### Exercise prompt
Although pictures appear in the entries below, leave them out and print exactly the lines from the first line through the line containing "a European Bee-eater".

___

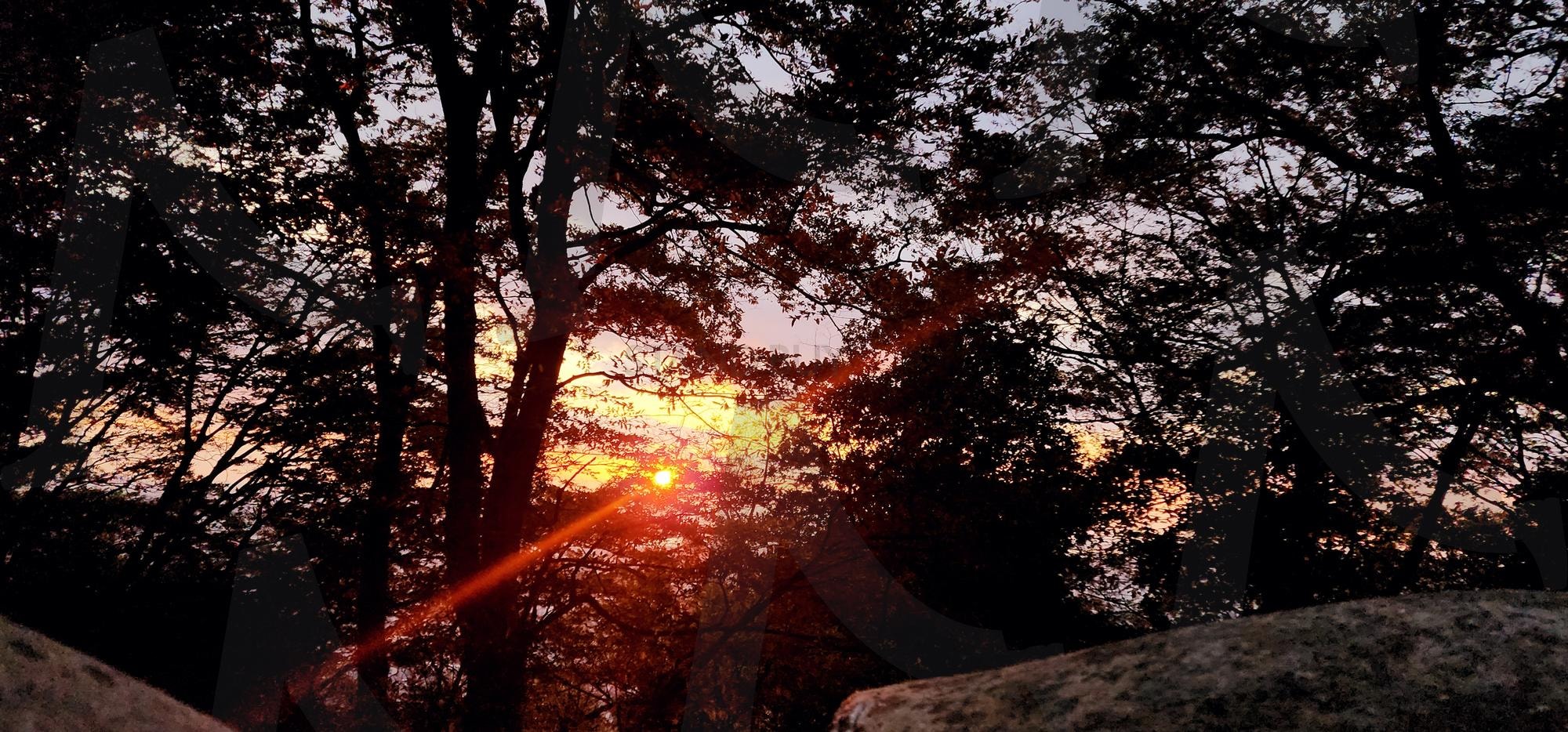 Mountain sunset | sunset, sun, mountain, tree, Namsan, autumn, 태양, red, 남산정상, 석양 | 스탠바이 STANDBUY 디지털 콘텐츠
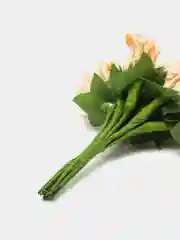 Бежевый тычинки для цветов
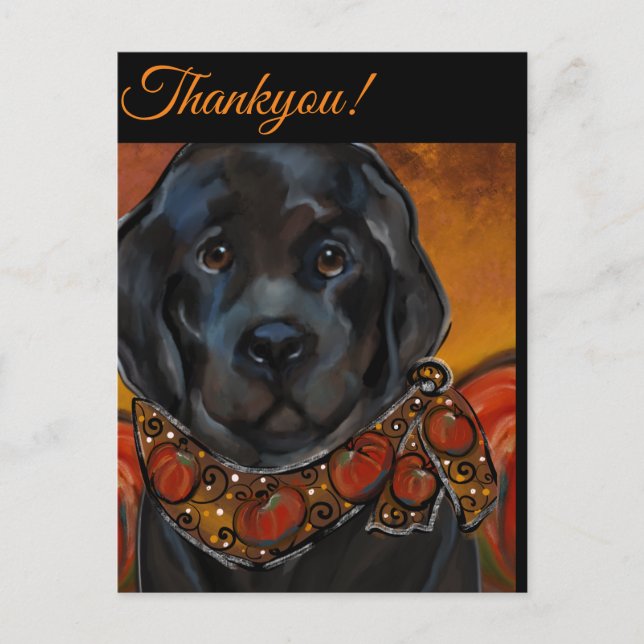 Newfoundland Dog   Postcard (Front)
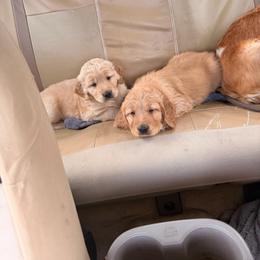 Golden Retriever puppies from 3 Gun Retrievers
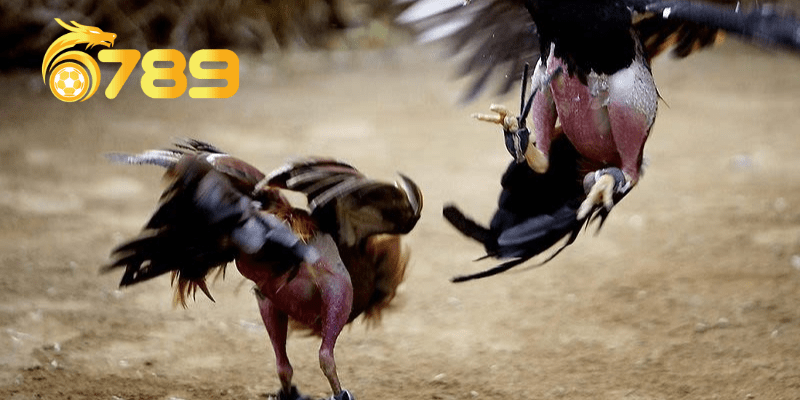 Hướng dẫn cách xem trực tiếp đá gà và tham gia đặt cược tại 6789.ad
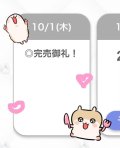 🈵10月最初うりきれ🈵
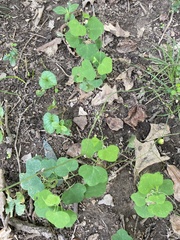Dioscorea polystachya
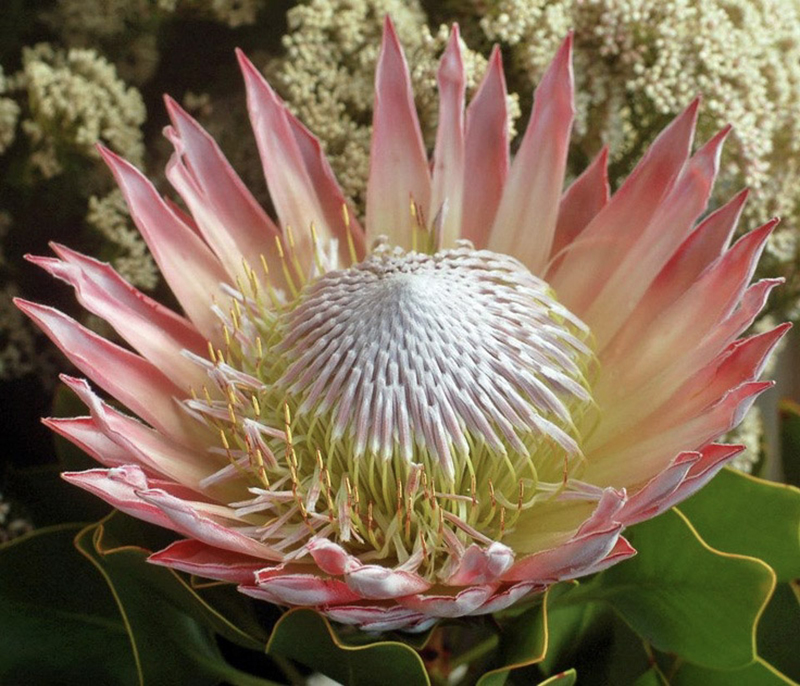 Protea cynaroides 'Pink King'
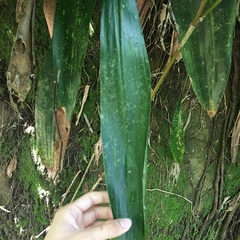 Aspidistra attenuata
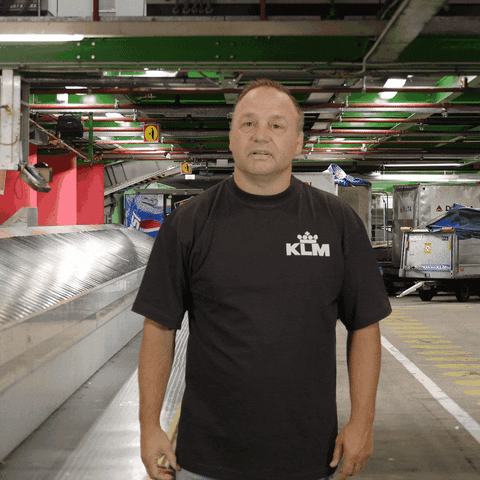 Royal Dutch Airlines Travel GIF by KLM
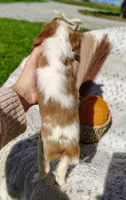 Tulip , a female Cavapoo for sale in Fredericksburg, OH – 6 of 6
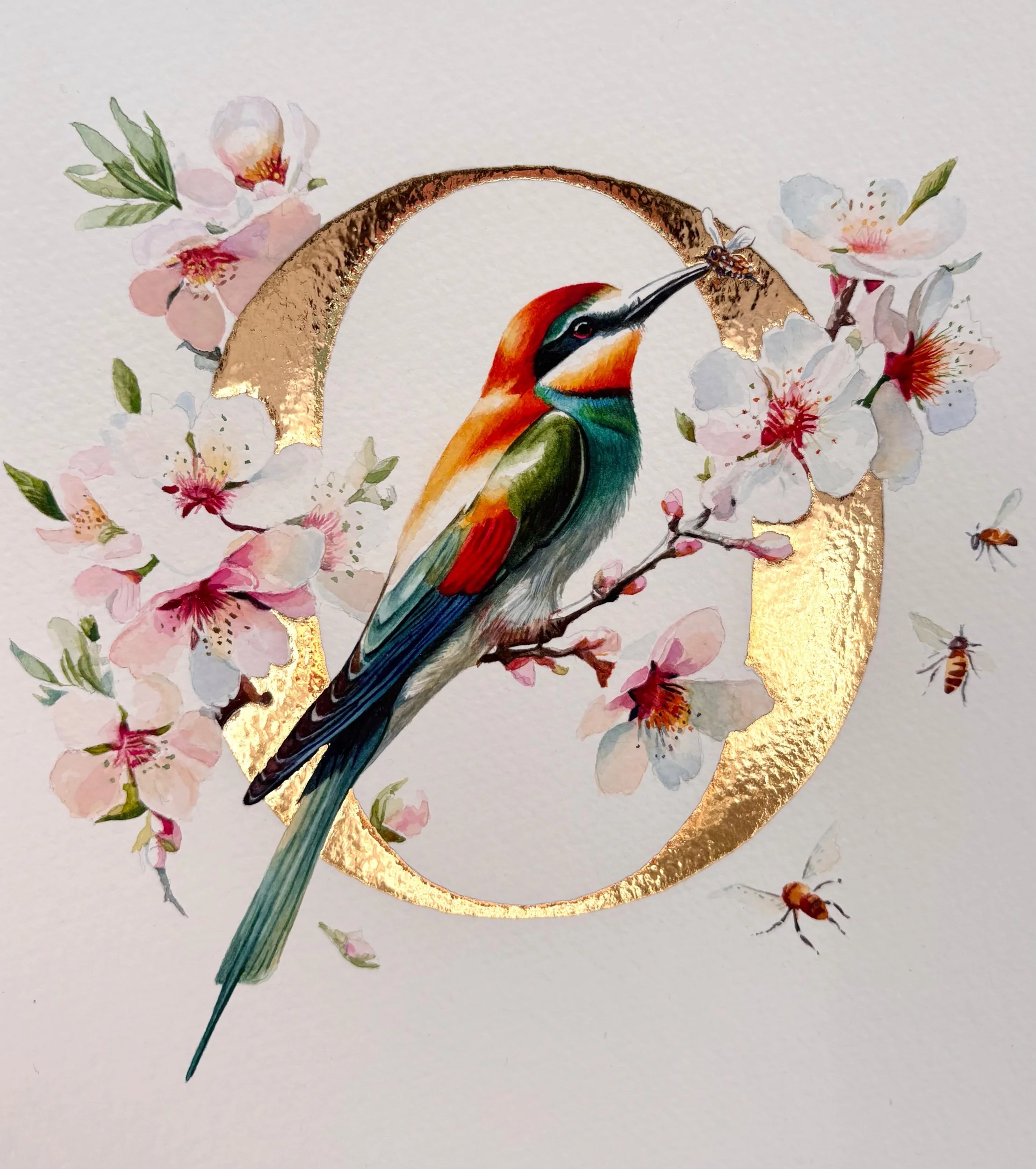 'O' with a European Bee-eater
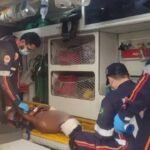 Brigitte Bardot se recupera em casa após ser internada para cirurgia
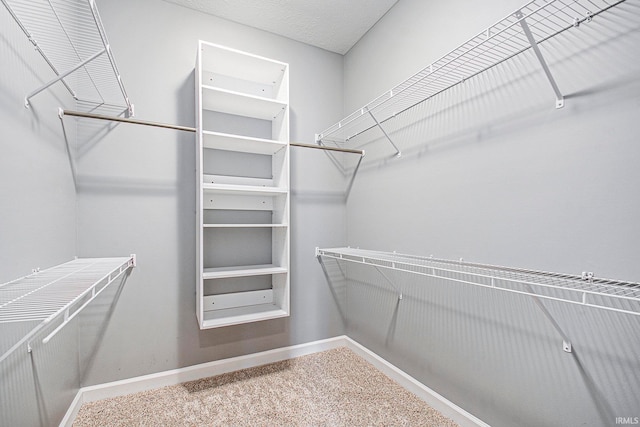 walk in closet featuring carpet flooring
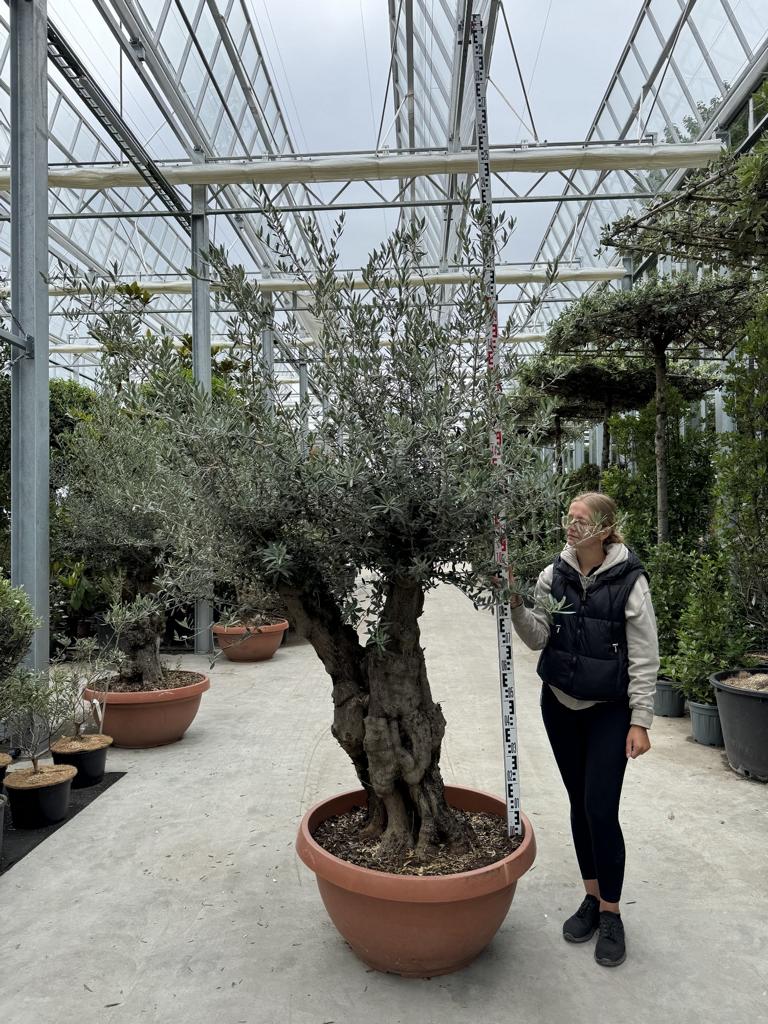 Olea europaea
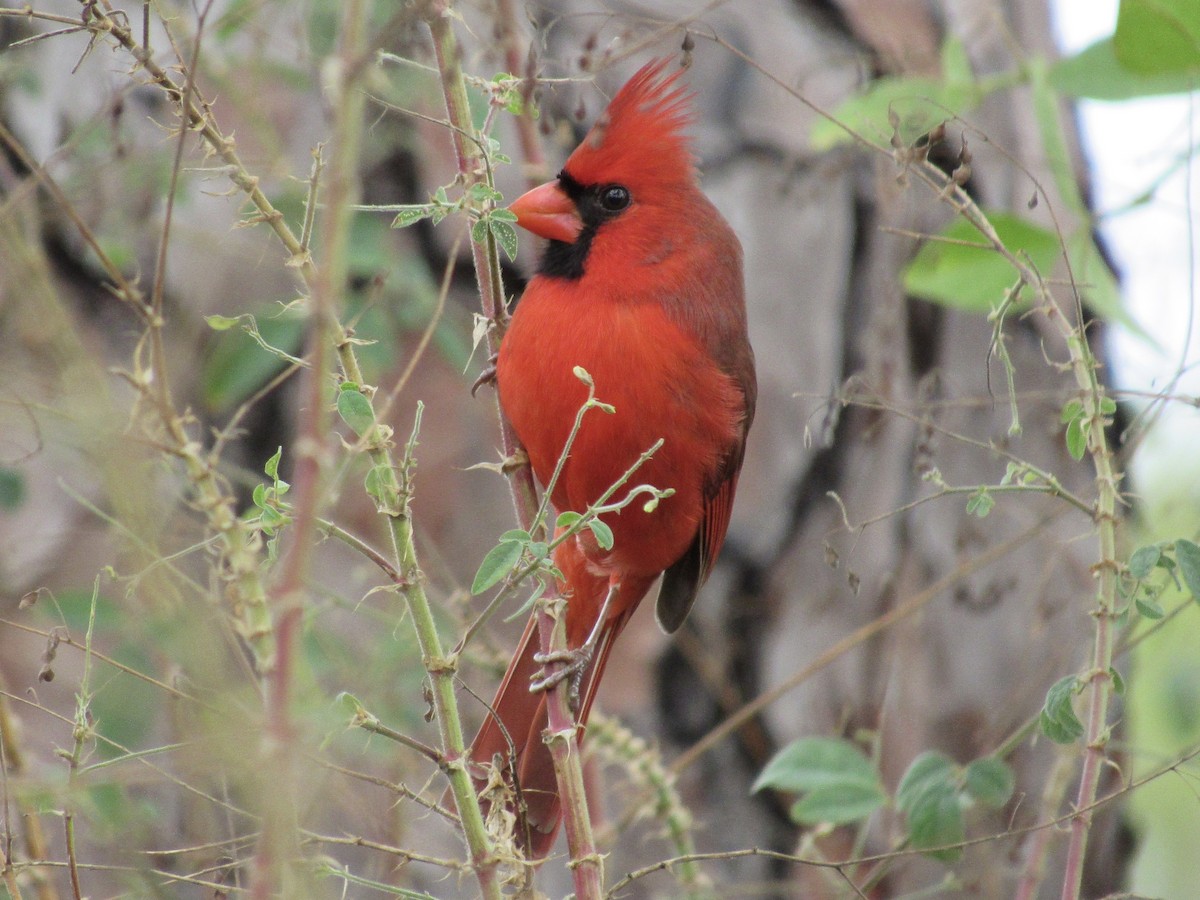 Kardinal arrunta - ML646596303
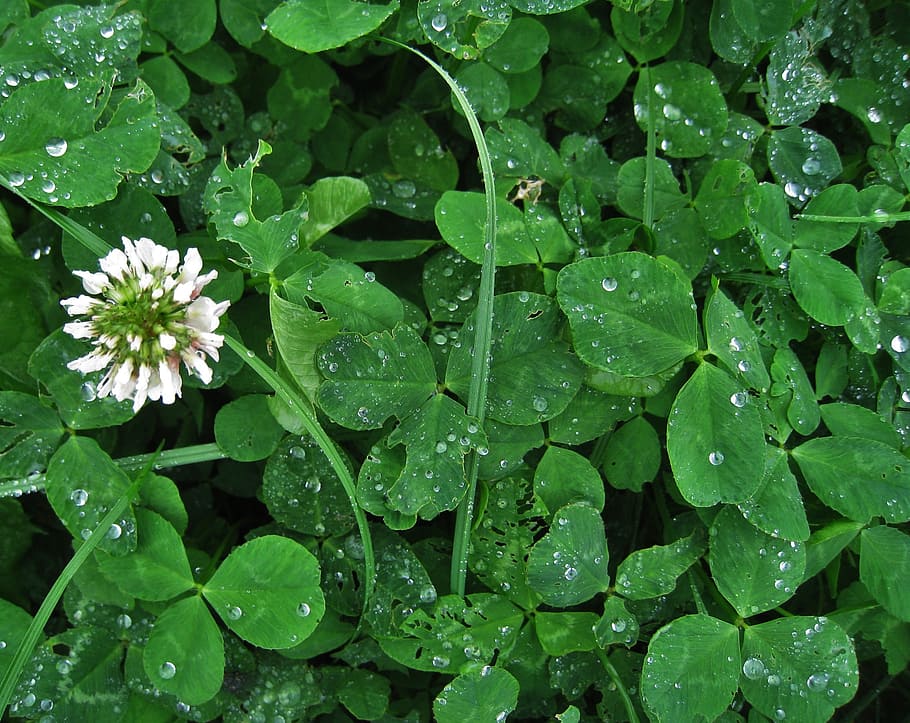 clover flower, white clover, raindrop, lucky clover, trifolium repens, herbaceous plant, flowering time may, wiesenklee, meadow, green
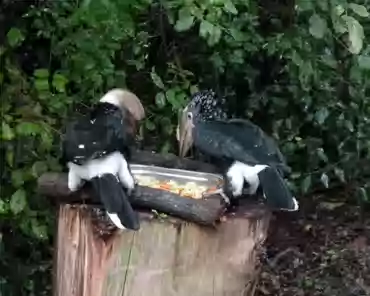 058 Silvery-cheeked hornbills (Africa).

___

### Written answer
 Mountain sunset | sunset, sun, mountain, tree, Namsan, autumn, 태양, red, 남산정상, 석양 | 스탠바이 STANDBUY 디지털 콘텐츠
 Бежевый тычинки для цветов
 Newfoundland Dog   Postcard (Front)
 Golden Retriever puppies from 3 Gun Retrievers
 Hướng dẫn cách xem trực tiếp đá gà và tham gia đặt cược tại 6789.ad
 🈵10月最初うりきれ🈵
Dioscorea polystachya
 Protea cynaroides 'Pink King'
 Aspidistra attenuata
 Royal Dutch Airlines Travel GIF by KLM
 Tulip , a female Cavapoo for sale in Fredericksburg, OH – 6 of 6
 'O' with a European Bee-eater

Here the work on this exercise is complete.